コネクションタイムアウト

電話の呼び出し音が鳴り続けても出ないときに自動で切れるように、サーバーが応答するまで待つ制限時間のことです。

定義 コネクションタイムアウト(Connection Timeout)とは、スマホやパソコンが相手のサーバーに接続を要求したあと、決められた時間内に返答がない場合に接続の試行を自動で諦める制限時間のことです。

電話の呼び出し音が鳴り続けると、なぜ自動で切れるのでしょうか?

友達に電話をかけたとき、相手が出ないのに延々と呼び出し音を聞き続ける人はいませんよね。通常は30秒〜1分ほど鳴らしても出なければ、電話会社側で自動的に通話を終了させます。もし永遠に呼び出し音が鳴り続けたら、かけた側も次の行動に移れず足止めされてしまいます。

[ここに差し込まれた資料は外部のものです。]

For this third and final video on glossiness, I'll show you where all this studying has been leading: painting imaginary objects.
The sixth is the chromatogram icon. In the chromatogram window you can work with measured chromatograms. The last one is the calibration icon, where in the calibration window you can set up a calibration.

インターネットの世界でも、これとまったく同じ仕組みが働いています。スマホで特定のウェブサイトやアプリを開くとき、私たちの端末はまず相手のサーバーへ「今、お話しできますか?」という挨拶の合図を送ります。

しかし、相手のサーバーの電源が落ちていたり回線が切れていたりすると、何の返事も返ってきません。返事が来るまで延々と待ち続けると、アプリの画面はフリーズし、端末のバッテリーやメモリが無駄に消費されてしまいます。そのためプログラムには、あらかじめ決めておいた待機時間まで待っても応答がなければ、接続をきっぱり諦める仕組みが備わっています。

接続タイムアウトの仕組みと流れ スマホ 無応答サーバー 1. 接続要求送信 2. 応答待機(時間計測) 3. タイムアウトで切断

もう少し詳しく:握手(ハンドシェイク)が終わって初めて通信が始まります

もう少し専門的に言うと、コネクションタイムアウトは実際のデータを受け取っている最中ではなく、通信の通り道を最初に確立する段階で発生します。

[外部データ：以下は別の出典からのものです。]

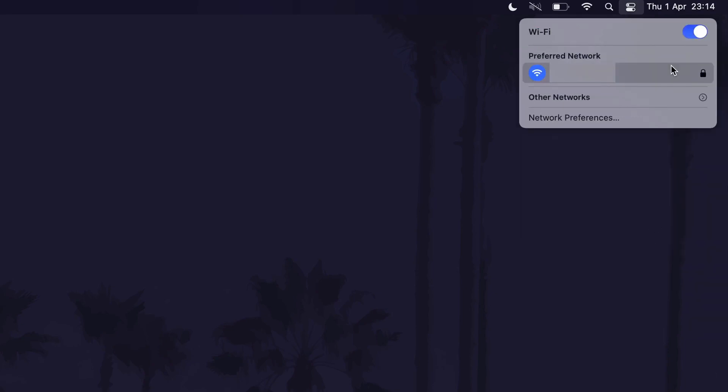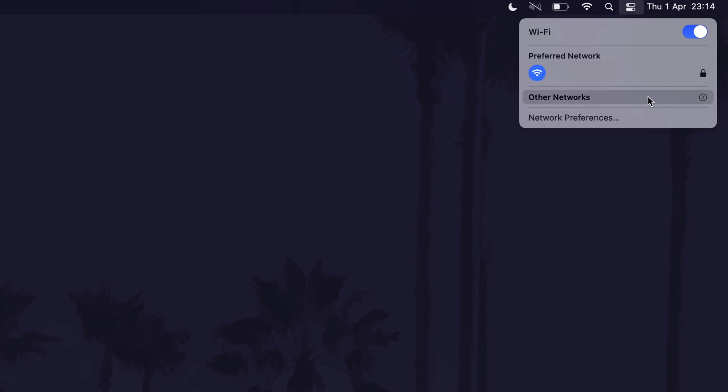There might be a preferred network to connect to or it will show a list of routers to connect to. Click on other networks to make sure you see the full list. Once you have found the network to connect to, click on it once and then you may need to enter the password.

インターネット上で2台のコンピューターが通信を始める際、「3ウェイ・ハンドシェイク(3-Way Handshake)」という3段階の握手手順を踏みます。まずこちらのスマホが「接続してもいいですか?」と手を差し出し(SYN)、サーバーが「いいですよ」と返事をして(SYN-ACK)、さらに端末が「了解しました」と確認を送る(ACK)ことで、安全な通信経路が完成します。

しかし、サーバーの手前にあるファイアウォール(セキュリティシステム)が合図を遮断してしまったり、途中のネットワーク機器でデータが消えてしまったりすると、最初の握手が成立しません。端末は返事を待ちながらタイマーを動かし、あらかじめ設定された秒数が経過した瞬間に接続失敗エラーを表示します。

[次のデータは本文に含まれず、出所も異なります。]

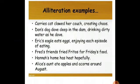Here are some other alliteration examples: 'Carrie's cat clawed her couch, creating chaos.' Now make a pause and circle the letters that have the same consonant sound in each sentence. Make a pause and start now to answer what I'm asking you to do.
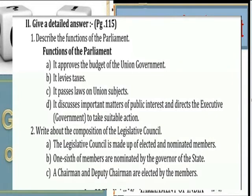Functions of the Parliament: It approves the budget of the Union Government, passes laws on Union subjects, discusses important matters of public interest, and directs the executive government to take decisive action.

リードタイムアウト(Read Timeout)との決定的な違い

コネクションタイムアウトは、リードタイムアウト(Read Timeout / 読み込みタイムアウト)とよく混同されます。この2つはエラーが起きるタイミングも原因もまったく異なります。レストランに例えると非常にわかりやすいでしょう。

コネクションタイムアウトは、お店のドアが固く閉ざされていたり住所が間違っていたりして、店内に入ることすらできずに諦めて帰る状況です。通信の通り道自体が開いていません。

一方のリードタイムアウトは、お店の中に正常に入店し、店員さんに注文まで完了した状態です。しかし、厨房が混雑しすぎて1時間待っても料理が出てこず、お客さんが待ちくたびれて店を出てしまう状況にあたります。

したがって、コネクションタイムアウトが出た場合はサーバーが停止しているかアドレス設定が間違っている可能性が高く、リードタイムアウトが出た場合はサーバー内部の処理やデータ取得に時間がかかりすぎている可能性が高いと言えます。

🤔 よくある誤解

✕ 誤解

コネクションタイムアウトは、ネット回線が遅くて動画が途中で止まったときに起きるエラーである。

✓ 事実

動画が途中で止まるのは、データを受信している最中の問題です。コネクションタイムアウトは、データを受信する以前に、サーバーとの「最初の接続(握手)」すら成立しなかったときに発生します。

🧺 日常で出会う場面

1 アクセスしようとしたサイトがサーバーメンテナンス中やダウンしているとき、ブラウザに「接続がタイムアウトしました」と表示される。
2 Wi-Fiの電波が弱すぎてルーターと最初の通信ができず、アプリの起動や読み込みがキャンセルされる。
💡 つまり ひとことで

サーバーと最初の通信経路をつなぐまで待機する、最大の制限時間のことです。